A Research Compendium of One's Own

You could try rstudio cloud which you can sign up for a free account with using your github credentials; or try to install the free RStudio desktop (which also means installing R first). Again, because of the dependencies issue, I am ok with you just reading through these instructions and reflecting on what it takes to make archaeology replicable…

Introduction

Archaeology - more than most disciplines - has problems with reproducibility, in the sense that many of our methods are inherently destructive. To excavate is to destroy. But it is also an act of creation, as I hope you’ve started to realize - the data that we record, the metadata that describes the nature of that data, the paradata that describes the contexts of our work and how that affects what it is we are able to see and record.

A few years ago, I was a co-signer on a manifesto for open science in archaeology, led by Ben Marwick. Consider this figure from that article:

open science

Most of what we - as academics, as students - write is ‘advertising’ for the research. How can we reproduce someone’s methods on a new body of material, if we can’t see the original code or data transformations? (And imagine trying to write a guide to data work in excel - ‘click on this thing, then that thing, oh your version of excel is different, ok, where is it’.) How can we replicate someone’s results to see if they got it right, if we can’t access the untransformed data?

Scholars such as Marwick have invested considerable scholarly effort in developing infrastructure and templates to address these shortcomings.

Rrtools

Marwick created a special package for R called ‘rrtools’ to make it easier for scholars and students to create reproducible packages for their research. When a user runs it, it creates all of the necessary folders and templates - analsysis, data, transformed data, and an rmarkdown file that can be a template for a journal article, mixing the analytical code and results right in with the text. (In advanced usage, it even copies the state of the machine and all installed packages so that a person can replicate everything about the analysis). The result can be copied or zipped up and deposited in a digital archive to support a journal or assignment. Some journals in fact require that data and code be made available as a condition of publishing; rrtools systematizes this.

R Markdown

You’ve been using markdown in your own repositories to add simple semantics to your text files - ## for a second level header and so on. R markdown is a version of markdown that lets you mix in R code that R will run as it turns your text file into a word document. Code gets set off like this:

code snippet

Note the narrative written around the actual code.
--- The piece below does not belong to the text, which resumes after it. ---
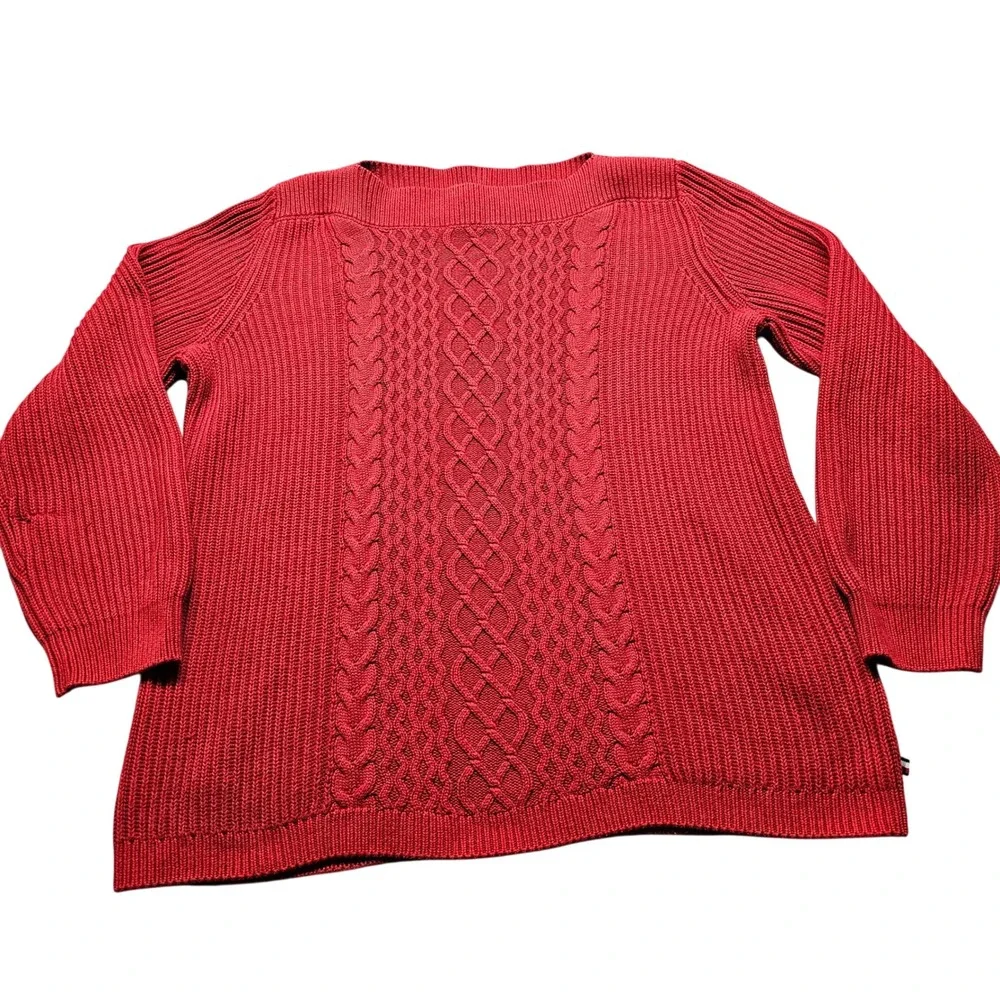 Tommy Hilfiger Cable Knit Sweater Womens XL Red Cotton Blend TJHHAK599B Pullover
When you tell R Studio that a file is in r markdown (it understands the file extension .rmd as rmarkdown), a new button appears labelled knit. If you click on that, R Studio will run your document through a template to turn it into (in this case a Word doc) and will also run all of the code and print the results into the document. If there are errors in the code, it will stop, and you have to fix them, then try again.

What you’ll do

You will launch this binder (right-click, launch in new tab): http://mybinder.org/v2/gh/o-date/r-conda/master. This exercise depends on a complicated series of dependencies that do not play nice with the online RStudio binder I set up for you. Try installing R and RStudio on your own machine if you want to give this a try.
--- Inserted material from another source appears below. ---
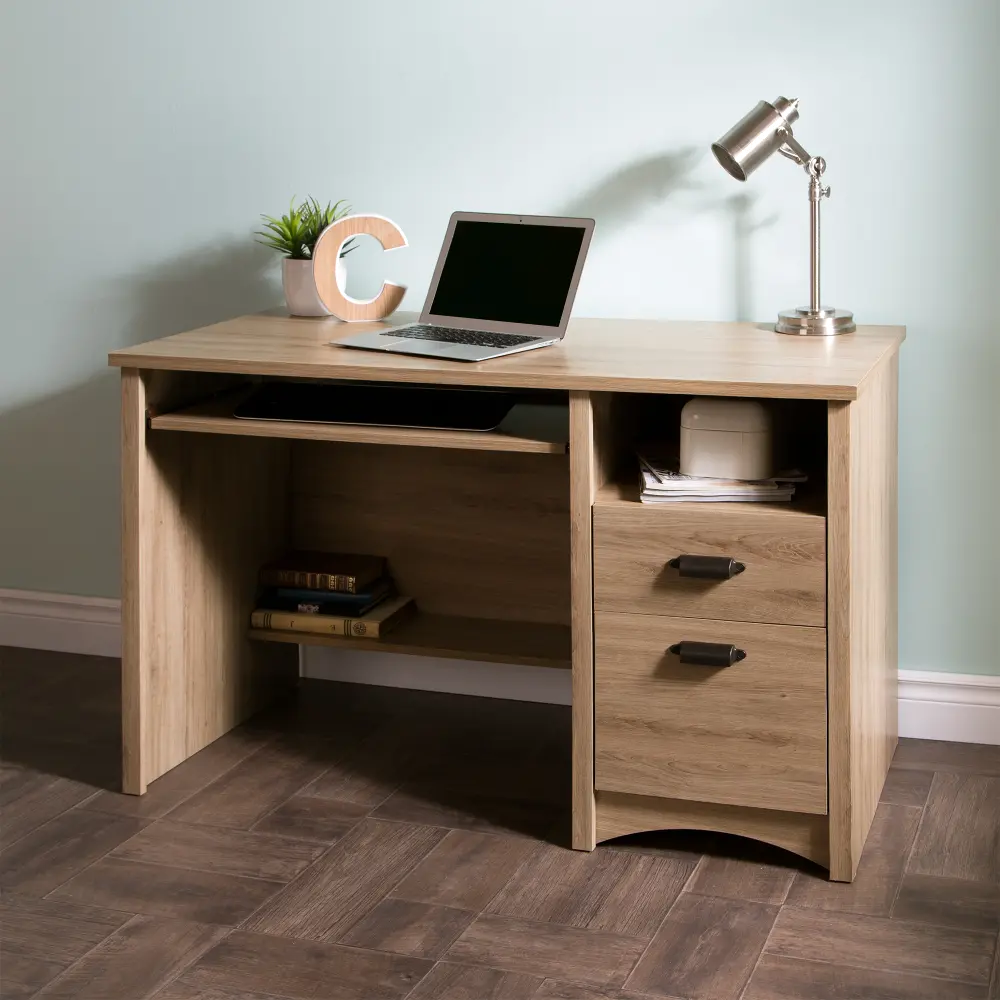9064070 Rustic Oak Desk with 2 Drawers - Gascony-1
That will take you to the virtual computer running jupyter and R. Under the ‘New’ button at right, select ‘R Studio’. Start a new script.

Copy this R script to your environment (right-click, save-as, open it in your text editor, copy it to a new script window in RStudio running in your browser) and work through it; it will install rrtools for you, and coach you through making your own research compendium. The data that you will use will be our aggregated graveyard survey data; there’s code in that file to copy the data to your compendium. In your rmarkdown file, I want you to do at least one exploratory statistic and one visualization. More of course would be awesome, but let’s aim for one, for now.

nb when you run the line devtools:install_github("benmarwick/rrtools") R Studio, in the console, might tell you that there are things to update, and what would you like to do?

Make sure to save your work, and to zip it up and download it from the binder. I cannot stress this enough. If you walk away from your computer and leave it idle for around ten minutes you will lose your work. Save early, save often, zip, and download.

Then, put the zip file and the resulting Word doc in your own github repo for this week.

Ready? Go!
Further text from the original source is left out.